Wednesday, October 10, 2012


Don’t be shy – it’s time to prove you are the retiring type

Marie Ainsworth 

Have you ever looked out the window on a cold, wet, windy, miserable day and thought: “God, I’d hate to be out there on a day like this with no home to go to ...

The stark reality is that this country is facing hard times and while we all hope that we’ll come out the other side of this recession as a wise and stronger nation, there are some legacy issues that are just not going to go away.


One of the biggest is that of the “pensions crisis”, and not just for Ireland but most western nations. Let us put it in some context. The state pension bill — the retirement income paid to both state employees and all beneficiaries of the state pension — is increasing daily. It is paid from taxes collected on a daily basis.

If our workforce keeps shrinking — as it has been since 2009 (and by 33,400 in the past year alone to June 2012) — this has to result in an increase in taxes and PRSI contributions which pay the ongoing benefits, or in smaller pensions. Life expectancy has also been steadily increasing and pensions, including the state pension, must now be paid for longer.

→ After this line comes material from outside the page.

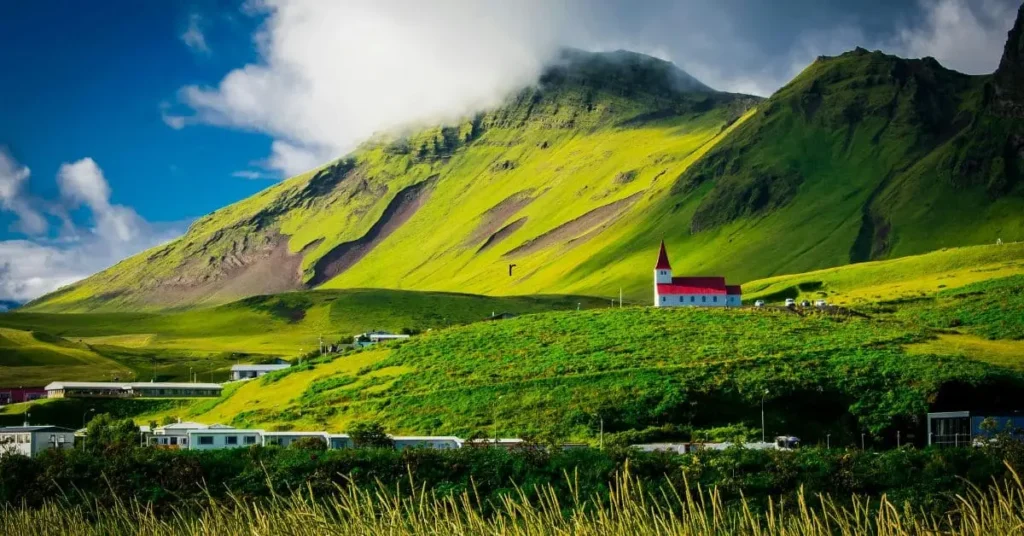 Scenic landscape of Vik, Iceland, with a red-roofed church on a green hillside, illustrating the best time to visit Iceland for vibrant summer views.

According to the National Pensions Framework report, by 2050, when workers who are just joining the workforce today are ready to retire, the number of over-65s will have doubled and will make up 28% of the total population and equal nearly 50% of the 15-64 age cohort.

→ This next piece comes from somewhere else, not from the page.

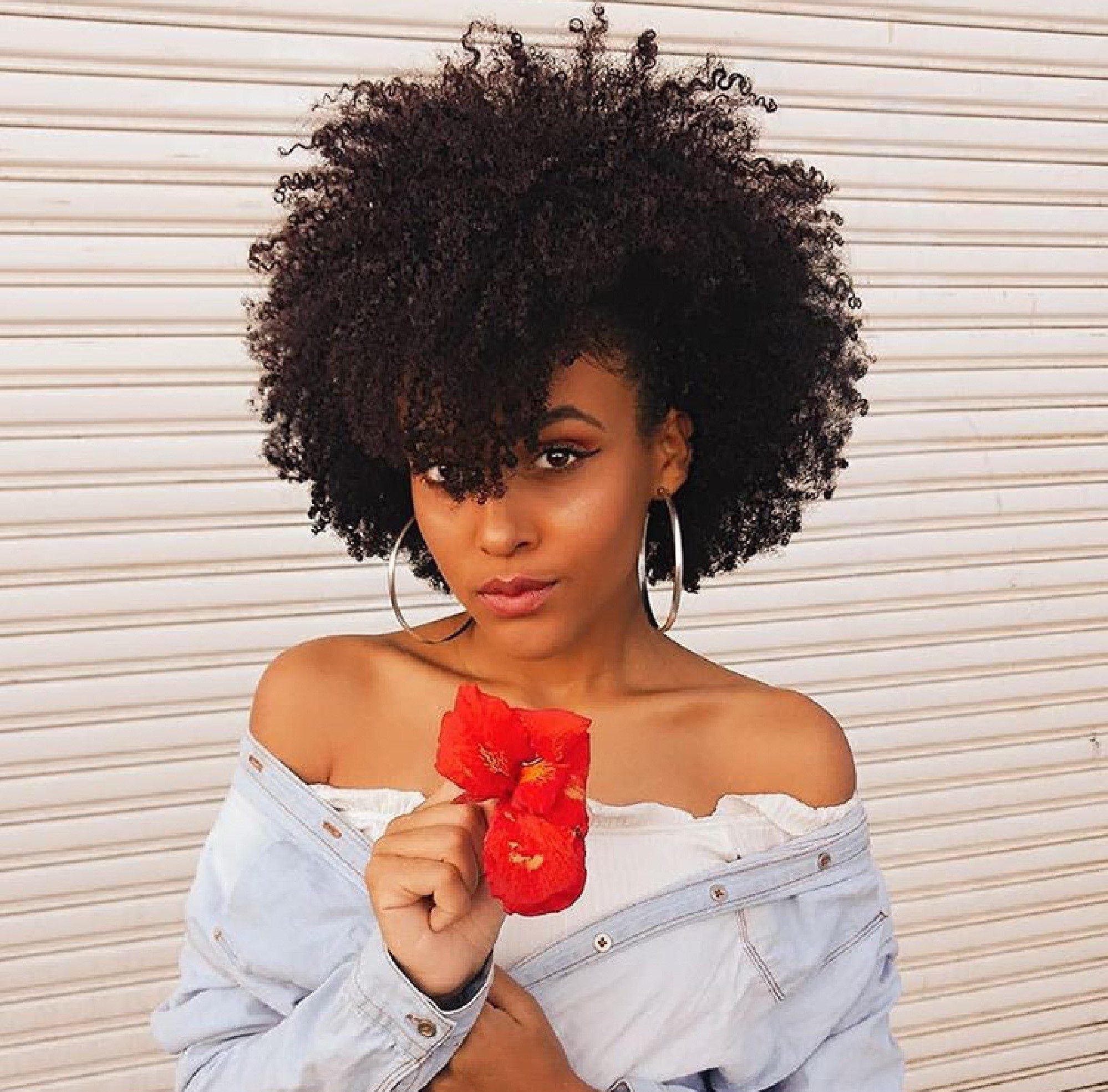 Mulher com franja falsa para cabelo crespo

Up to 2011, there were six working people to each pensioner. By 2021 there will be only three workers to each pensioner. If you are currently under the age of 57, you will not be entitled to your state pension until you are 68 and it is expected that this retirement age will most likely be moved to 70 if the state pension system is to have any hope of survival.
In the light of all this negative employment and demographic evidence, the question that everyone should be asking themselves now is: if your employer have plans to retire you off at 65, do you have sufficient savings or a private pension to live off until your state pension payment falls due?

With our government under so much pressure from its European and International Monetary Fund paymasters to keep cutting social welfare benefits, you may be forgiven for wondering if there will even be a state pension worth claiming in a decade’s time?
And on it goes...

If it is any consolation, we are not alone. Governments across the western world are having to deal with the enormity of the no-money and ageing population problem, and many are making it compulsory for all workers to contribute to private pensions. From next week, the UK auto-enrolment occupational pension scheme will be rolled out in an effort to increase private pension membership. Anyone aged 22 or over, earning more than £8,105 (€10,150) a year and employed for three months or more, will be made a member of an employer’s existing occupational pension scheme. Similar schemes already exist in Australia and New Zealand and have been under discussion here for several years.

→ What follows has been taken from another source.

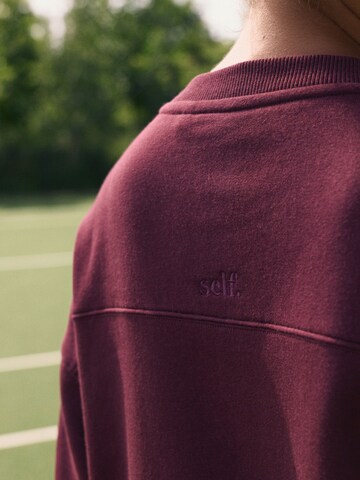 Sweat-shirt self. en rouge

There is an old adage: “How do you eat an elephant? Answer — One bite at a time.”
The only way Irish workers — and I believe these must include those employed by the state as well as those in the private sector — are going to avoid a financially meagre old age is to start saving early and increase their savings annually. If an employer offers to contribute into the employee’s plan, the long-term benefit will be significant. If he offers a death and/or disability plan, all the better as this allows you to pay even more into your pension fund.

Anyone who is 10 or more years away from retirement has to include real growth assets in their pension portfolio by diversifying across a broad range of assets. While it must always aim to get a return at least above the true rate of inflation, no pension fund is going to grow sufficiently if the holder doesn’t also keep an eye on product charges and fees.
Poor fund returns and the widespread disillusionment with formal retirement saving is the product of a litany of bad industry practices, high charges, volatile markets and a huge amount of ignorance and apathy by employers and employees. The only way to reverse this is to take the time to understand how the pension operates, what the plan incorporates and then to review it regularly.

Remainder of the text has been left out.